Once upon a time I was a serious competitive runner. Although I do various other things to stay in shape, these past 9 or 10 years I haven’t run much at all. Partially it was burnout from years of intense training, partially it was the move to a smaller place and the associated difficulty in finding training buddies who run a similar pace. 

Recently I’ve started feeling a desire to get back out there, and one of the first steps was to replace those 10-year old shoes that had already been through a summer of training followed by a marathon. They’re still fine for mucking about the yard or going for a walk, since they were hardly worn at all for most of the past decade, but they’re worn enough to be an injury risk if used for any serious miles. I had trouble finding the right shoe the first time around, I need something with good flexibility and no added medial stability, and of course the one I used to use has long since been discontinued.
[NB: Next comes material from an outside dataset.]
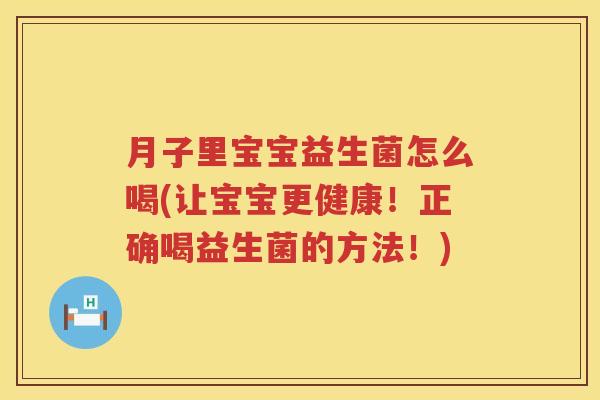 月子里宝宝益生菌怎么喝(让宝宝更健康！正确喝益生菌的方法！)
But a lot has changed in 10 years.

Even back then I was a fan of minimalism. In an age of feature creep, with more padding and more stability  every year, I stayed with the most basic shoes I could find. On the track I used racing flats, and even ran longer races in very lightweight shoes with minimal padding.
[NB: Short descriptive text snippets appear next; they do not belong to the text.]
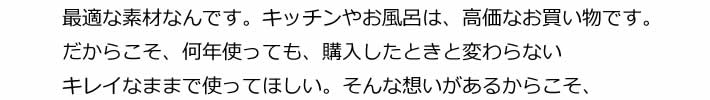 最適な素材なんです。キッチンやお風呂は、高価なお買い物です。だからこそ、何年使っても、購入したときと変わらないキレイなままで使ってほしい。そんな想いがあるからこそ、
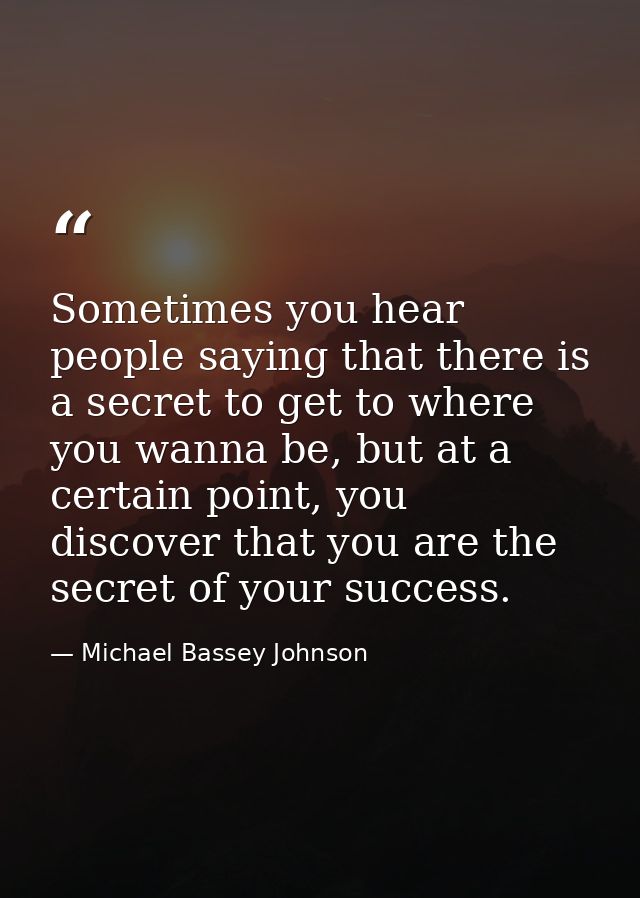 Sometimes you hear people saying that there is a secret to get to where you wanna be, but at a certain point, you discov — Michael Bassey Johnson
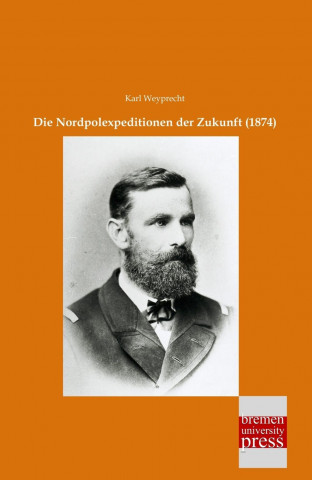 Βιβλίο Die Nordpolexpeditionen der Zukunft (1874) Karl Weyprecht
The latest trend is heading back in that direction, with a new crop of minimalist shoes starting to sell pretty well this spring. Most of the major shoe manufacturers are jumping back in the game. It was all triggered by a book on barefoot-running Native Americans in northern Mexico.

Here’s the issue: The heavily padded shoes with thick heels that have been predominant for the past 20 or 30 years force the foot to land heel first. But natural (barefoot) running posture typically lands on the midfoot or forefoot. So the still controversial theory is that the overengineered shoes of recent decades may have actually increased injuries by forcing an unnatural running form. Certainly Americans, who are most likely to train in those  kinds of feature-laden shoes, haven’t done so well in international competition at anything over sprint distance in recent decades.
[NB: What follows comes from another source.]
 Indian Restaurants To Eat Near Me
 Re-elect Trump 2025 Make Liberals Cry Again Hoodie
So today I went to the running store in Arcata, the only one in these parts that’s serious about this sort of thing, and asked to see their minimal running shoe selection. After trying a few things on, I walked out with a new pair of Saucony “bullet’s.” Ironically, they’re a re-tooled release of a 1985 racing flat, without the spikes.

After work of course I had to try them out. So I did a fast two-mile circuit from the gym, and they felt great even running mostly on concrete sidewalks in oldtown Eureka. I actually had to force myself to slow down, the tendency with these 7-ounce shoes is to take off.

I didn’t push the speed or the distance because these do indeed result, for me, in a mid-foot strike and a slightly shorter stride. That changes the biomechanics of running, and even if the change is back in a more natural direction, it still takes the body a while to adjust to anything new. There have been some reports of injuries because people buy minimalist shoes and try to keep up their standard routine instead of easing into it.

I don’t really want to risk that at the moment, so I’ll give it a recovery day (at the moment, four hours later, there are no sore muscles) and then gradually ease up the distance.

The important thing is that today, for the first time in quite a few years, running was fun and not something to be endured. That’s the way it used to feel, and I miss that.